TASK PROMPT —
Give the data again exactly as written, without any of its pictures.

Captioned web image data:
☆ ☆ ☆

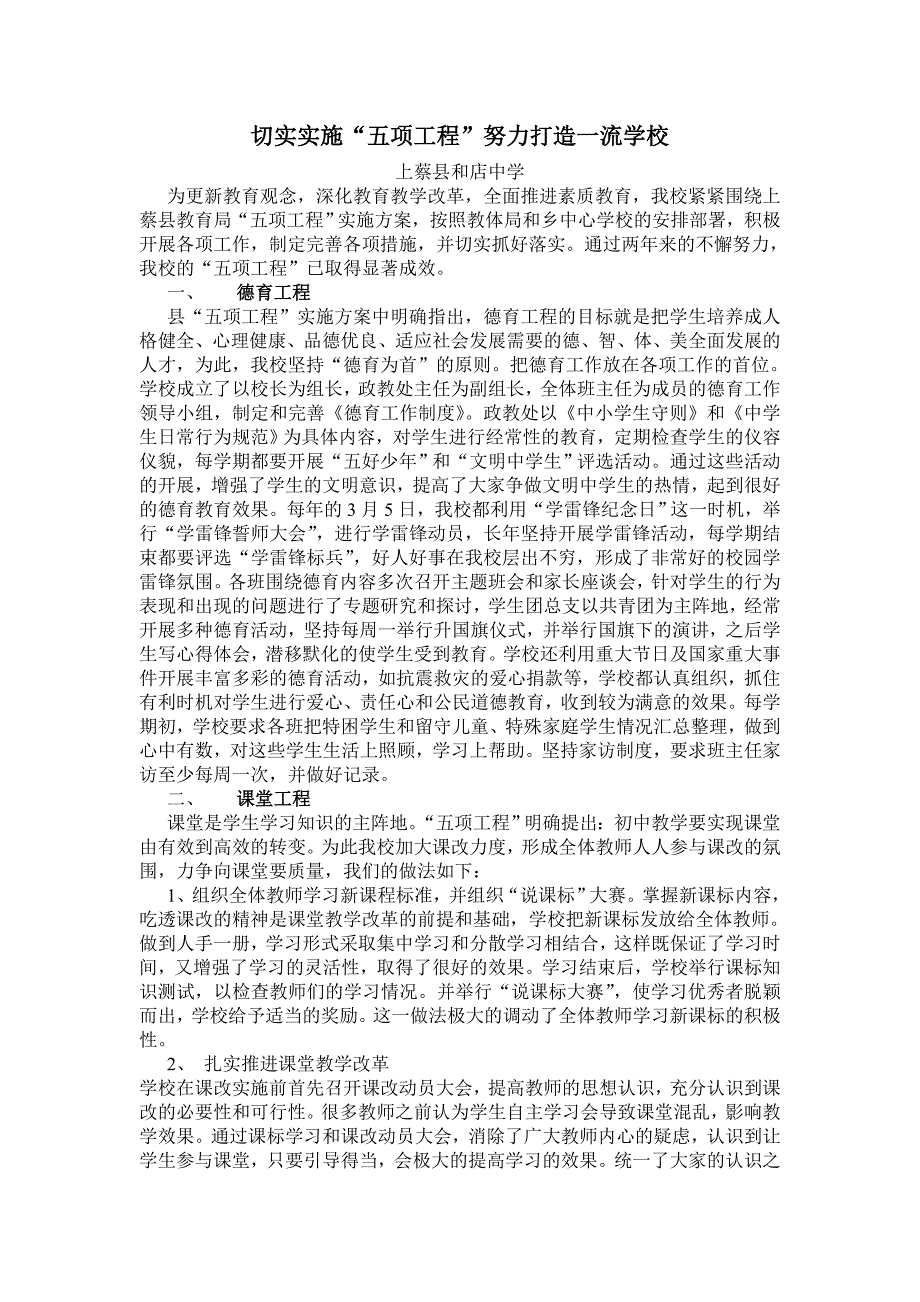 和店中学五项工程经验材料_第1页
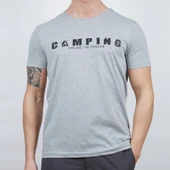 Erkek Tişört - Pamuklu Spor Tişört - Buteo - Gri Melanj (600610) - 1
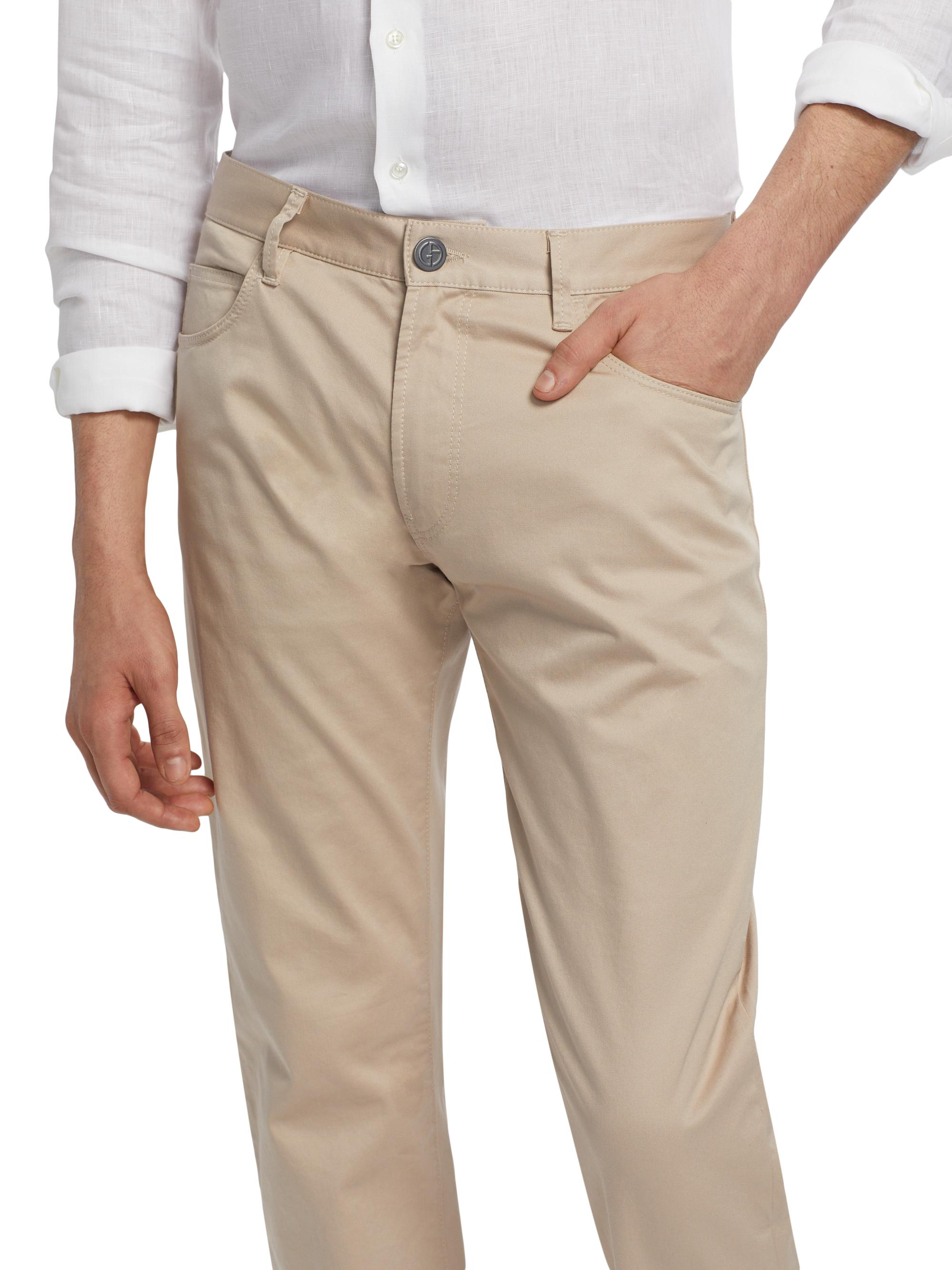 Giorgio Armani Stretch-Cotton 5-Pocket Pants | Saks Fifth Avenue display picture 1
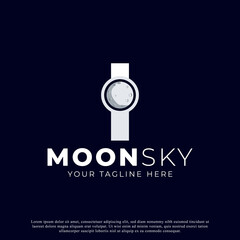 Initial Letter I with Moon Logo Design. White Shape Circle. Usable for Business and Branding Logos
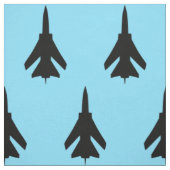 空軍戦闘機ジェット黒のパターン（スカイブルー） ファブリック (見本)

☆ ☆ ☆

EXERCISE ANSWER —
 和店中学五项工程经验材料_第1页
 Erkek Tişört - Pamuklu Spor Tişört - Buteo - Gri Melanj (600610) - 1
 Giorgio Armani Stretch-Cotton 5-Pocket Pants | Saks Fifth Avenue display picture 1
 Initial Letter I with Moon Logo Design. White Shape Circle. Usable for Business and Branding Logos
 空軍戦闘機ジェット黒のパターン（スカイブルー） ファブリック (見本)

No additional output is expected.